All were made in Gods image and need forgiveness for sin.
Hope that was not harsh sister but, it just irks me because SO many have been indoctrinated to develop the "ick" factor with that ONE sin. Like, it is always singled out of all the MANY, MANY other sins. JMHO.
xo

@Mayflower @Hidden In Him @Grailhunter @lilygrace

Thanks for sharing, Nancy.

I do wonder if some of that indoctrination is from how society try to make homosexuality acceptable through the media whereas someone being unfaithful to the spouse is still frowned upon.

Yet in church and among Christians, the issue of divorce & marrying a divorced person and the unvoiced consequence from Jesus's words thereof is avoided.

My former church considered it a can of worms as I reckon some would fall under that category.

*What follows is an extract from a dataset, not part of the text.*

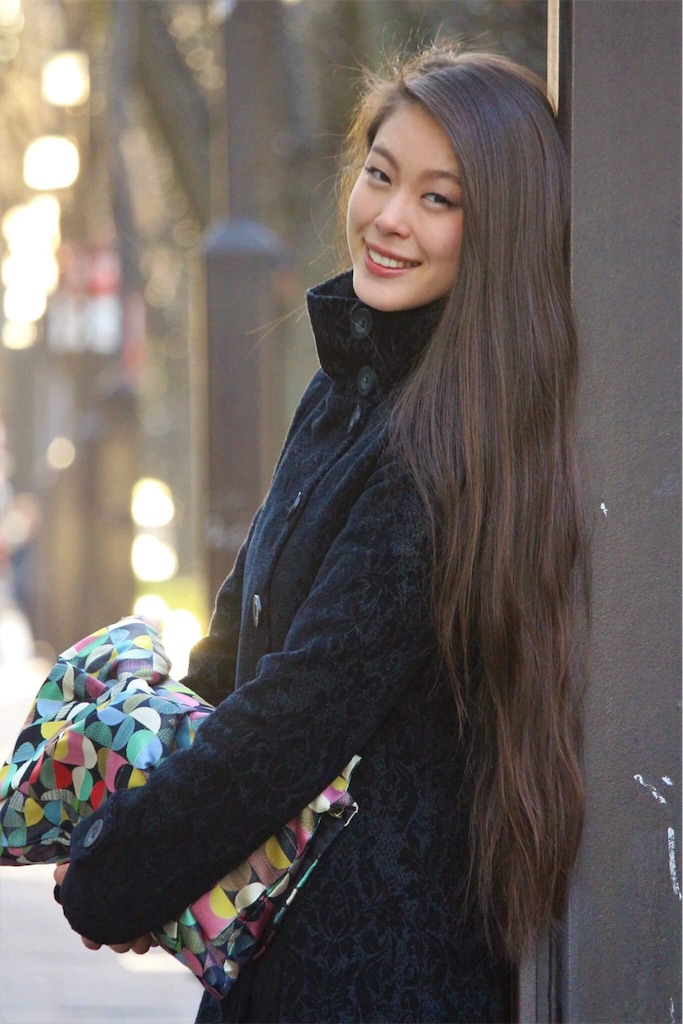 f:id:erika0706:20170110163658j:image f:id:erika0706:20170110163658j:image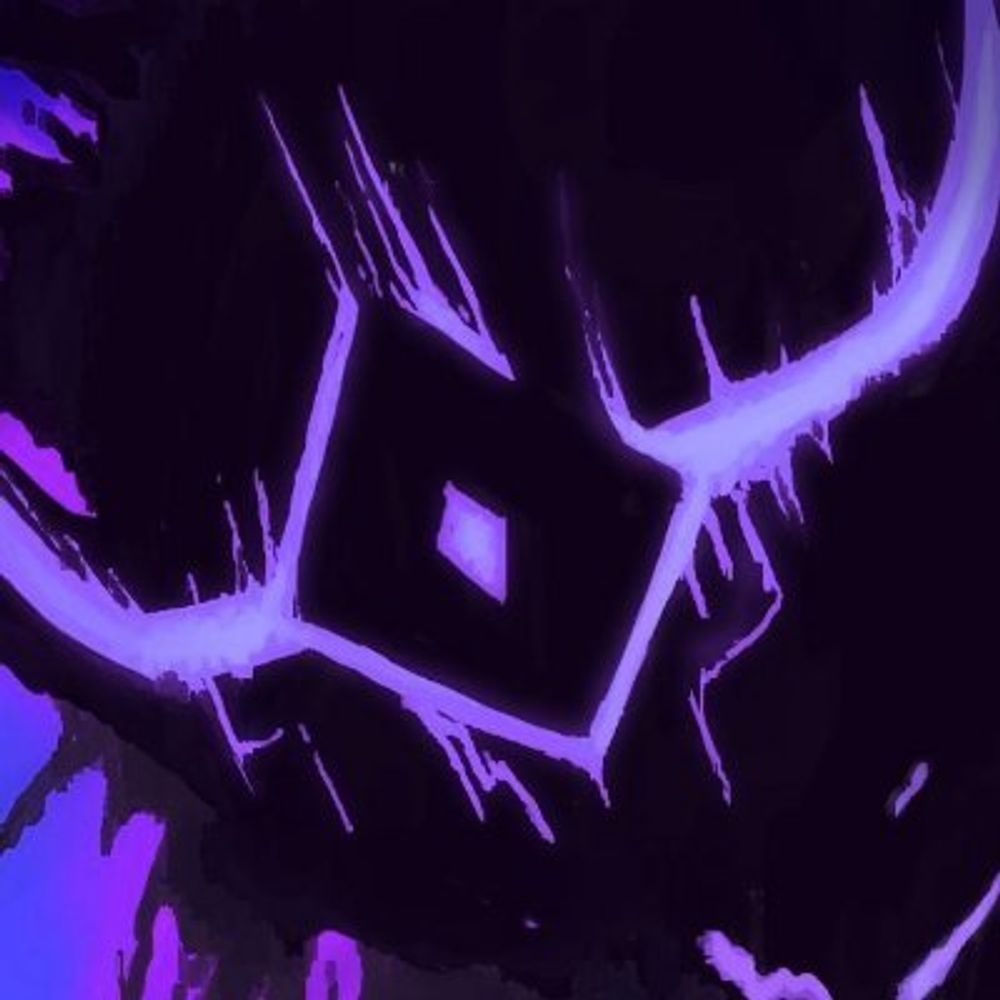 Darkest King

One of the senior pastors that had gone through my former church, had preached that it was not an unforgiveable sin to get a divorce to rationalize it to the congregation when certain popular members were presently involved in going through the process. I was upset that the preacher was giving grace for Christians to commit sin. I almost wanted to yell from the balcony "Is it an unforgiveable sin to commit murder?!" just to make a point that we are not to use God's grace to commit sin, but I knew that the sermon was directed to me & the silence from the congregation, even from the elders, just convinced me that there was no point when no one hears His words, they will not hear mine.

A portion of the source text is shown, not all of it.